Basically like talking into an arc welder! We've come a long way.. Hopefully there were no fried lips back then!
Should have been OK unless the cooling pump stopped! At the time, the only way to create a continuous carrier wave was with an "arc transmitter" that is more-or-less exactly what it sounds like, a spark gap transmitter that created and quenched a giant high power spark at a roughly fixed frequency , like an arc lamp. Before that, spark transmitters worked only in morse code by turning the arc on and off. Someone noticed that if you blew air into the arc it changed the amplitude of the "buzz", that was the idea behind the arc phone. This was well before anything like the exotic high-tech "vacuum tube".

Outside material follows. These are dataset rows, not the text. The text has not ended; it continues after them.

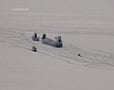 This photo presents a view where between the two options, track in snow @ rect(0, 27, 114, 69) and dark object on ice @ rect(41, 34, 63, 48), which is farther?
dark object on ice @ rect(41, 34, 63, 48)

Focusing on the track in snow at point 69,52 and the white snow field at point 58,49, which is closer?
the white snow field at point 58,49

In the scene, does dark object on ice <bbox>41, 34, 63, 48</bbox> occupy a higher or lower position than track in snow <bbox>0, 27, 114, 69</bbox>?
higher

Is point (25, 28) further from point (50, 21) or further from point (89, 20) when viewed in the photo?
point (89, 20)

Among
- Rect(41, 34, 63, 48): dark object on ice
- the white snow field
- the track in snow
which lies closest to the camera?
the white snow field

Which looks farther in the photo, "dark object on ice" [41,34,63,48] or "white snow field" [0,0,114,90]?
"dark object on ice" [41,34,63,48]

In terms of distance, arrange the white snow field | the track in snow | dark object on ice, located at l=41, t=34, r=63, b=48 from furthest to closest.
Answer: dark object on ice, located at l=41, t=34, r=63, b=48
the track in snow
the white snow field

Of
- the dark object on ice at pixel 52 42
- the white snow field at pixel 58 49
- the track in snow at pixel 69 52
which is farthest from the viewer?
the dark object on ice at pixel 52 42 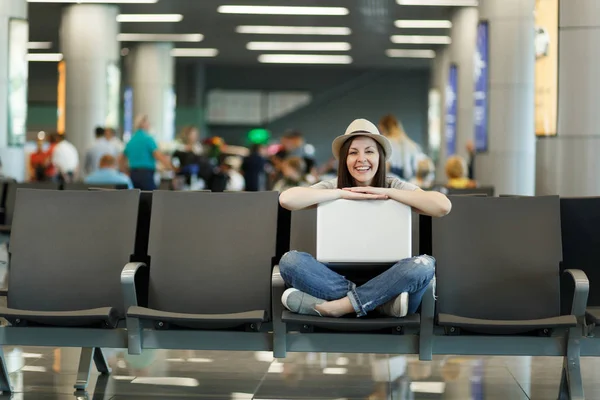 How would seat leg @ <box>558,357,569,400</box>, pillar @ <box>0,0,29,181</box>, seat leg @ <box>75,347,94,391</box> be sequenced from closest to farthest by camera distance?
seat leg @ <box>558,357,569,400</box> → seat leg @ <box>75,347,94,391</box> → pillar @ <box>0,0,29,181</box>

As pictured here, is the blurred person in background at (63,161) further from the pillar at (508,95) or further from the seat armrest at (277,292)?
the seat armrest at (277,292)

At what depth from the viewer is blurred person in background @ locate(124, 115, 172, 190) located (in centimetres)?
1409

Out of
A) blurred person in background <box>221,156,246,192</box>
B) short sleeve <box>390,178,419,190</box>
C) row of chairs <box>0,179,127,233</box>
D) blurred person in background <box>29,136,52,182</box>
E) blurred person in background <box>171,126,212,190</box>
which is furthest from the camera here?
blurred person in background <box>29,136,52,182</box>

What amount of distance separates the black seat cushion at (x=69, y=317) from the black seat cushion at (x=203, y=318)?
0.14 m

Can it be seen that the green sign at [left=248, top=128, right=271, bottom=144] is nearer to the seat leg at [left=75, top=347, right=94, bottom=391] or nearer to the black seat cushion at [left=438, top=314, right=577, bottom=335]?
the seat leg at [left=75, top=347, right=94, bottom=391]

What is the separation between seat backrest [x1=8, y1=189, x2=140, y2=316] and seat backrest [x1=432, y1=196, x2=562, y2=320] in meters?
1.57

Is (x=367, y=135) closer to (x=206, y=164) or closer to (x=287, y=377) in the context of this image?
(x=287, y=377)

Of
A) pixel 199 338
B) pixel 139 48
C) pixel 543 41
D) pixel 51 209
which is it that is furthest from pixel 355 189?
pixel 139 48

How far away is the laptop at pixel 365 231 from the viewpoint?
14.2 feet

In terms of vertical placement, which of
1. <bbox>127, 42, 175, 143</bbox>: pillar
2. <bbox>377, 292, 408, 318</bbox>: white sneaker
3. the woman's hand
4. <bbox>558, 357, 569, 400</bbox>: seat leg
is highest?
A: <bbox>127, 42, 175, 143</bbox>: pillar

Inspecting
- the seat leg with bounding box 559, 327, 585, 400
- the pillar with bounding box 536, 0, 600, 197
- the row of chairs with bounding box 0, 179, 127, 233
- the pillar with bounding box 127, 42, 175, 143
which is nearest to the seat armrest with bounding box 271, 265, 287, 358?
the seat leg with bounding box 559, 327, 585, 400

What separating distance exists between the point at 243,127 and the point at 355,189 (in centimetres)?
3826

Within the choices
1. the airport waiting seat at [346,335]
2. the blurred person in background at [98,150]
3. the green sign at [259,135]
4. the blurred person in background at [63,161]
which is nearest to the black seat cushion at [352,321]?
the airport waiting seat at [346,335]

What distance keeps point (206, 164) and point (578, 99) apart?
7.77 meters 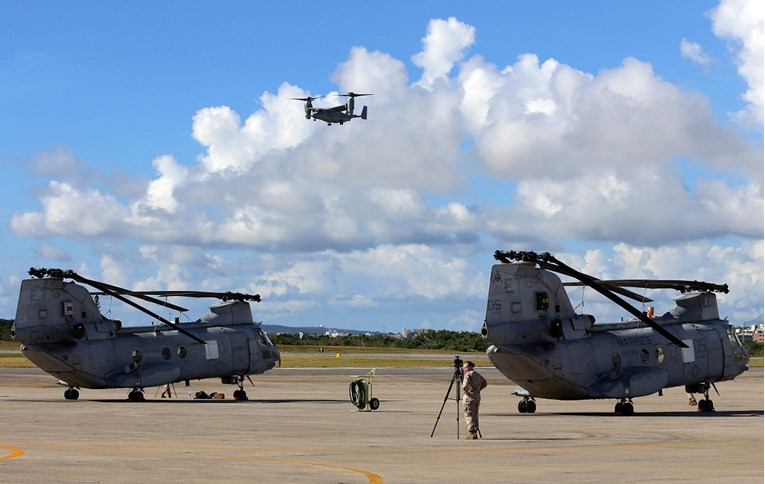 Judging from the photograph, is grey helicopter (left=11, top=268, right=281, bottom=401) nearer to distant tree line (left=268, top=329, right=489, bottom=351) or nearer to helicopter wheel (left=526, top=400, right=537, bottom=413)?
helicopter wheel (left=526, top=400, right=537, bottom=413)

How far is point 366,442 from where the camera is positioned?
27141 millimetres

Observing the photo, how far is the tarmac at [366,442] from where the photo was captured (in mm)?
19906

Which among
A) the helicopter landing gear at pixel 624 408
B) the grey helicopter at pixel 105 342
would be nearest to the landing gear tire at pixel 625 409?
the helicopter landing gear at pixel 624 408

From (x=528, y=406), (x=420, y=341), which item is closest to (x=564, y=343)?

Regarding the politics, obviously my post was not political and I think you are reading a lot more than intended to the comment about politics, it wasn't directed at me as far as I can tell. In fact, I have been studiously avoiding the obvious opportunities to say "I told you so" here and I note that the usual instigators have been unusually silent regarding two blindingly obvious "areas" for comment. That's presumably because the usual instigators were proven definitively *wrong* in virtually their every comment. And also proving that only one "side" were instigating, the rest of us just wanting to talk about model airplanes (or radio history) but were also unwilling to be attacked without a response.
Brett
p.s the most important radio designs and techniques were all invented by ONE GUY! Howard Armstrong invented the Regenerative receiver (greatly increasing the performance and greatly simplifying the design of early radio receivers), the super-regenerative receiver (a vast improvement over the regenerative receiver to the point it was possible to build them for reasonable prices by the tens of millions), the Super-Heterodyne receiver (increasing the performance again and greatly simplifying them again, and the basis for virtually every current radio system, including your cell phone and WiFi), and FM (greatly improving the fidelity, also still used in all sorts of things today). He ended up jumping out a window in frustration of some personal failings while suing RCA over FM, his widow kept the case going for decades and finally won. He was also sued by a borderline huckster named Lee DeForest who "invented" the first amplifying vacuum tube, he ultimately lost in court, but in his testimony, he was the first to explain to everyone, including the supposed "inventor", how it actually worked.
p.p.s Hedy Lamarr did get a patent for a sort of idea vaguely related to "spread spectrum" radio techniques intended to guide torpedos, but definitely *did not invent anything closely related to current cell phone spread-spectrum radio", despite what you may have heard.